My take on this is that it is probably not a true cipher (defined to be a letter by letter substitution). If it were, then with enough examples, the letter substitutions can be deduced. Especially, for instance, some of the code words are obviously people, and since many Italian names end in the letter "a", the last number substitution in these codes would probably stand for that letter.
If it is a whole-word substitution code, then there is much less chance of cracking it. It would still be possible, but one would need a great deal of external contextual information. If most of the code words refer to people, then the messages could be correlated in time with any known activities of other mob figures. However, for that to be effective, one would need an extensive collection of these messages, correctly dated. If this is not available, correlation with outside context would be nearly impossible.

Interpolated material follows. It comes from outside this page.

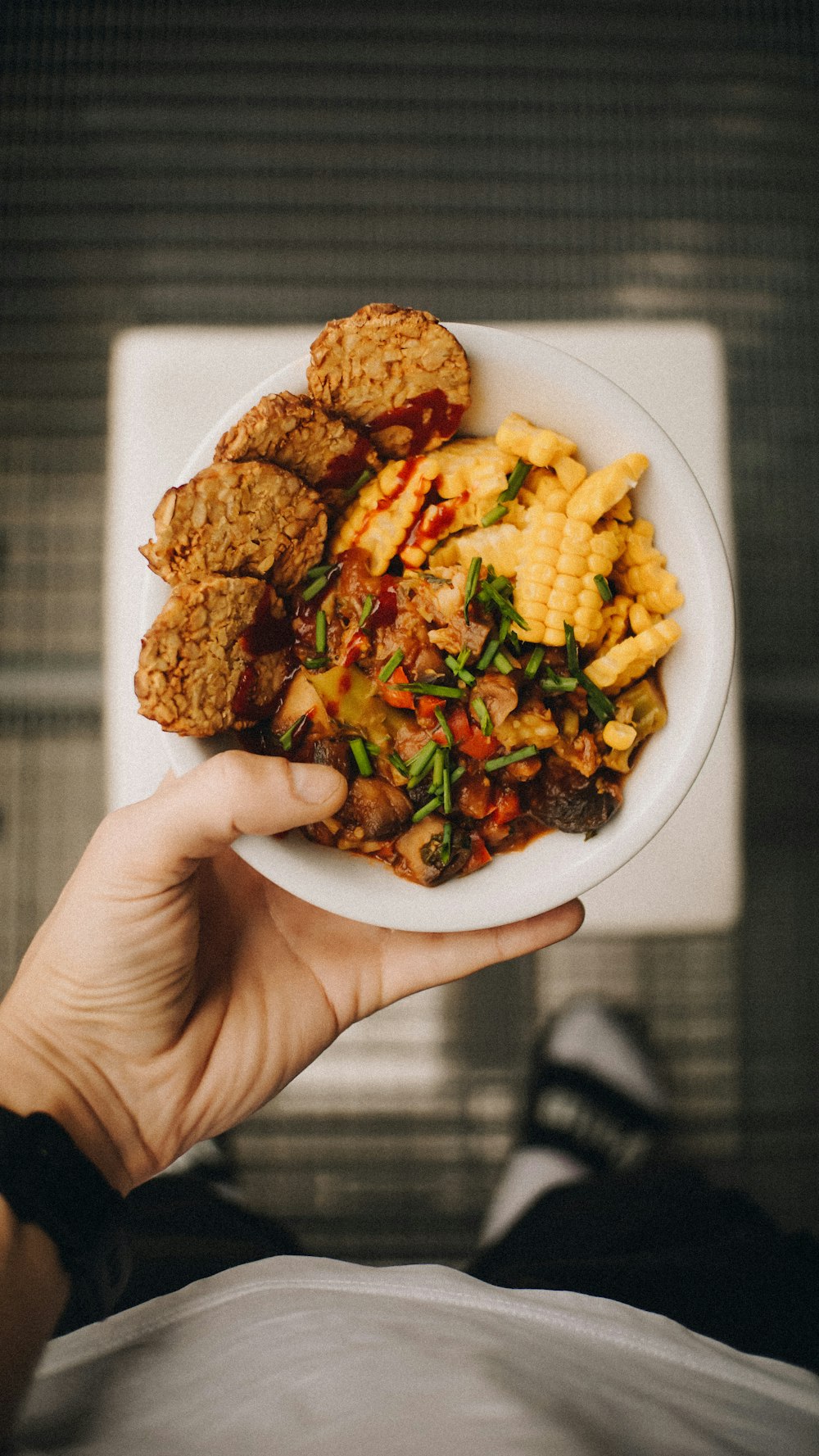 a person holding a plate of food in their hand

A related consideration is this: How did his confederates know what the codes stood for? There are really only two possibilities: a "codebook" was distributed initially with word-number correspondences (and perhaps updated from time to time) or the code is generated algorithmically somehow, and both he and the recipients of his messages know the algorithm.
In the first case, the code is pretty nearly unbreakable without the codebook. This method was standard in espionage through WWII, and its only weakness is the vulnerability of the codebook to interception. There are two types of codebook, a single use codebook, where each page is discarded after use, or a reusable code. The first one is more secure, since if the code is broken for one page, the next message will still be unreadable, but the codebooks need to be replaced from time to time, which means personal contact or a drop-off, which are activities vulnerable to discovery. The reusable codebook does not have this trouble, but once the code is broken, all messages become readable until a new codebook can be issued.
In the second case, the code is inherently breakable given enough samples, because there must be some algorithmic method involving the letters of the word being encoded, which generates the code. However, if the code is very complex, the number of samples needed would be very high. The advantage of this method is that there is no vulnerable codebook, but one must take care not to let too many messages be intercepted. (As an interesting side-note, the famous Enigma machine used in WWII was an attempt to combine the advantages of both methods. Essentially, it was a machine for algorithmically generating single-use codes. With this system, one does not need to send out codebooks periodically, and one still has the security of a code that changes with each message. Alan Turing and company eventually cracked this code by deducing the algorithm that changed the code, enabling them to predict the next codebook page.)
One way to determine which type of code he was using is to look at his behavior after he was in custody. Clearly, he would not be allowed to keep a codebook on his person, and we can assume that no such book was found (otherwise, we would know already how to read his messages). If, after he was in custody, he was found trying to send a coded message, this would prove that he was NOT using single-use codebook, as in that case he would not know how to encode his message. The possibilities are only two: either he was using algorithmic encoding, or he had a standard reusable codebook, which he had memorized after years of use. The second possibility is very unlikely, since the codebook must be small enough to memorize, but at the same time, it must contain codes for a fixed list of commonly used words, such as names of other mob members, common activities, etc. It is hard to see how a list short enough to memorize would be comprehensive enough to be useful. But perhaps he has a very good memory!
On the other hand, if after he was in custody, he made NO attempt to send any coded messages, then there would be (weak) evidence that he was using an extensive codebook. In this case, the next thing to look for is whether the code referring to the same person ever changed. If two different messages can be proven (through external context) to refer to the same person, and yet the code numbers are different in the messages, then the code is periodically changing, and so he is either changing the algorithm or issuing new codebooks.
Which case is the truth depends on what he is observed to do, which at this point we do not know.
One final possibility occurs to me: It is always possible that the numerical code is a misdirection. Perhaps the real content of the message is hidden in the plain text portion. Perhaps merely including a PS is a signal, perhaps the word "goodbye" indicates that some job is accomplished, or perhaps Papa stands for a specific place or time, etc. There are many, many possibilities with this kind of word-substitution code, and it is very nearly impossible to crack. It'suffers very much from having a fixed and very limited vocabulary of encodable concepts. If he doesn't have many different types of things to say, or many different instructions to issue, then perhaps he could use such a code.